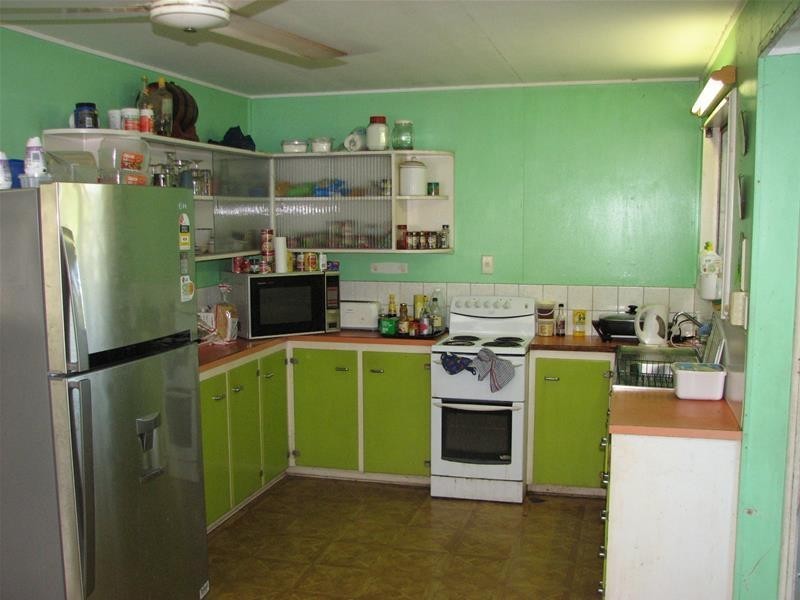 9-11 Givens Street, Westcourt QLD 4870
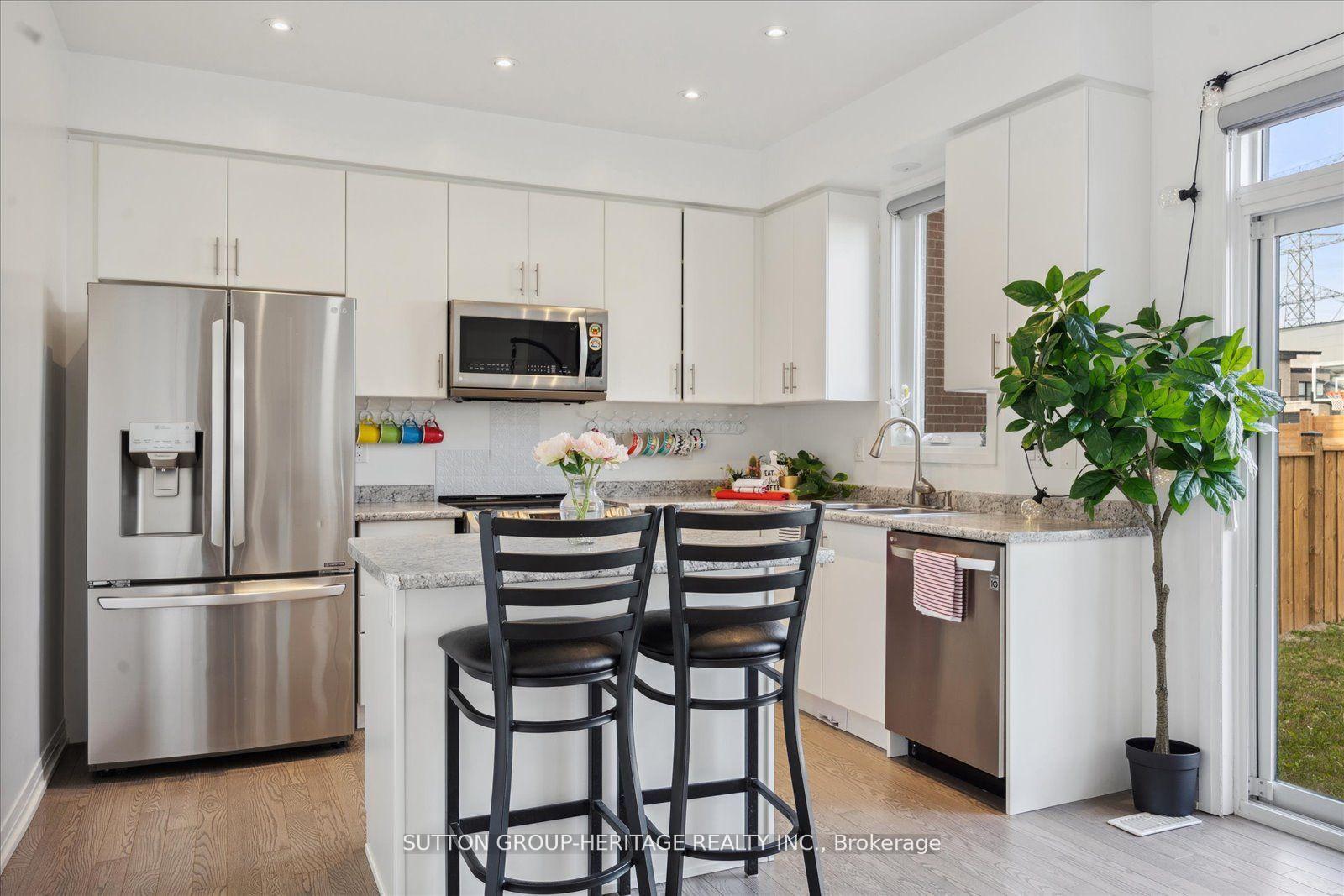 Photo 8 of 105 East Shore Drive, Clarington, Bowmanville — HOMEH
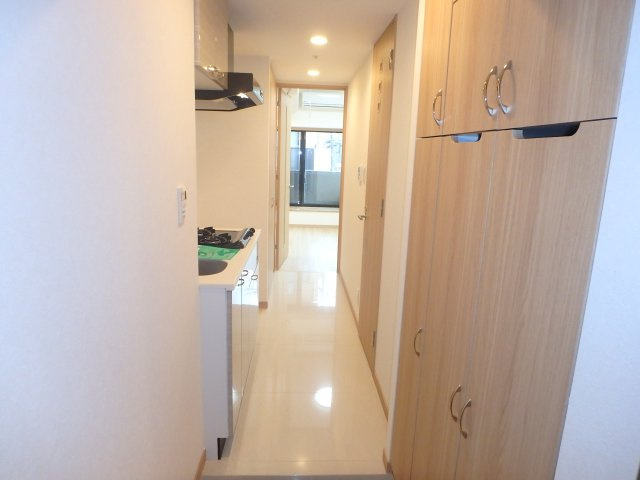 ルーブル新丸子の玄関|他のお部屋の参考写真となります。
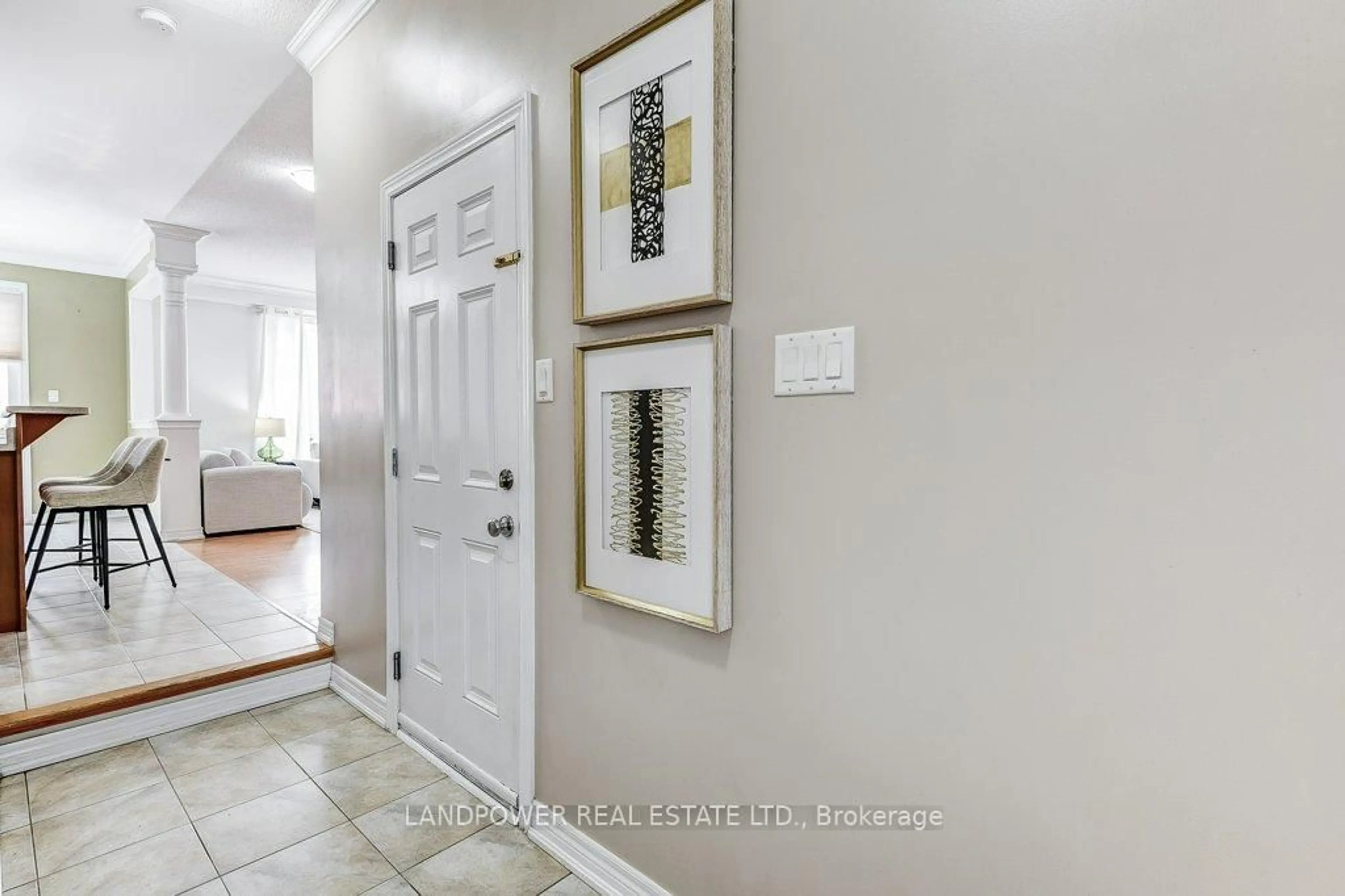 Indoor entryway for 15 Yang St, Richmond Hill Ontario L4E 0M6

++++

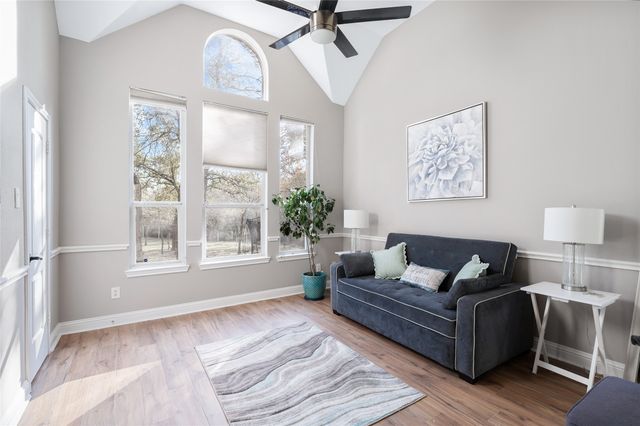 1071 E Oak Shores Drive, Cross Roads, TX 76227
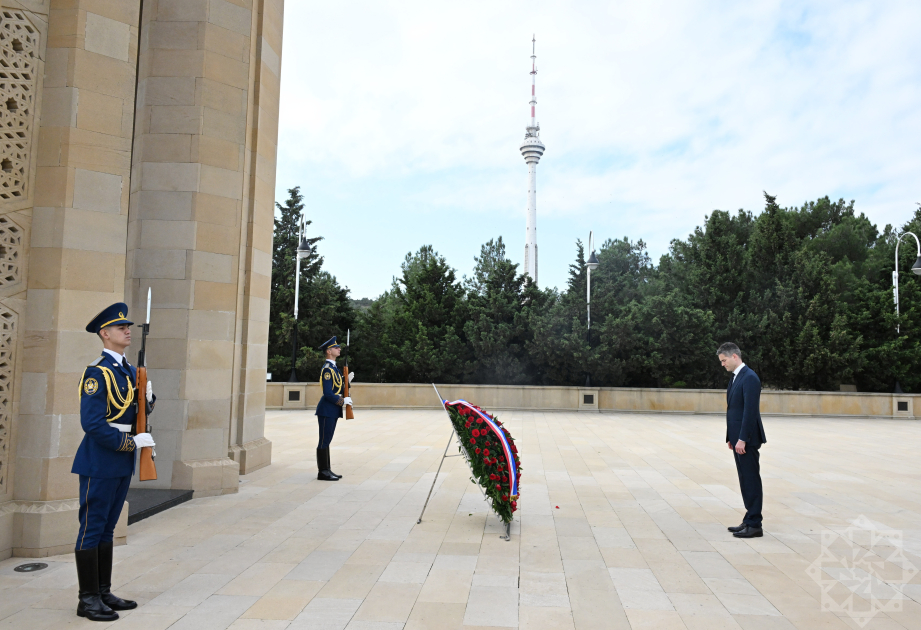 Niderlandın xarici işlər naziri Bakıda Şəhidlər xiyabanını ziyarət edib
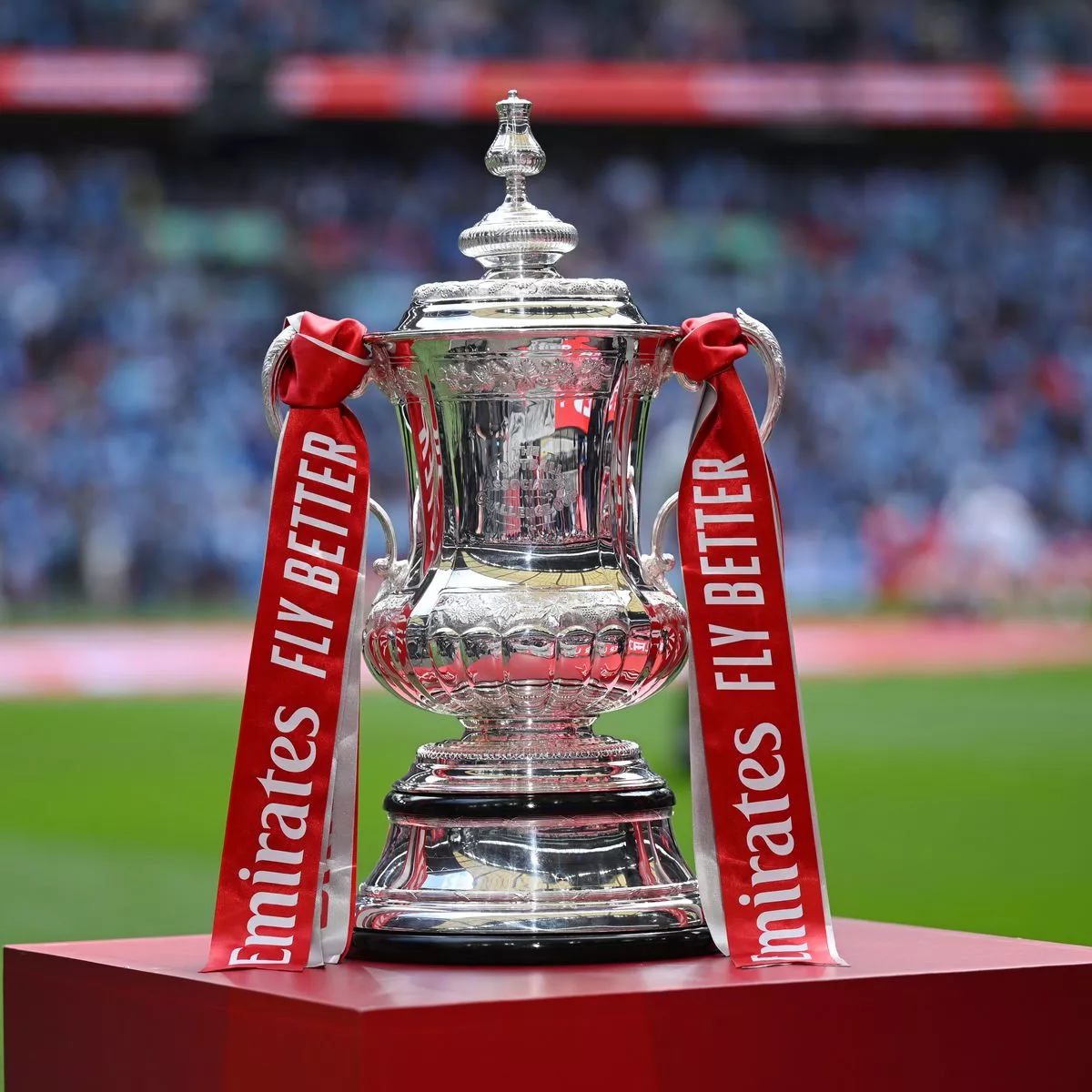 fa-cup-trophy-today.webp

++++

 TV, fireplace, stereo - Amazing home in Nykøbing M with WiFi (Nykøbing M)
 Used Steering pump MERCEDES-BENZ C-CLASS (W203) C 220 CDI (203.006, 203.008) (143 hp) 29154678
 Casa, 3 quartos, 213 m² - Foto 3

++++

WHAT TO WORK ON :: Lines wanted from the entries above: the one with "Niderlandın xarici işlər", the one with "fa-cup-trophy-today.webp", and all lines between. Please copy them exactly, without the pictures and without anything else.

RESPONSE ::
 Niderlandın xarici işlər naziri Bakıda Şəhidlər xiyabanını ziyarət edib
 fa-cup-trophy-today.webp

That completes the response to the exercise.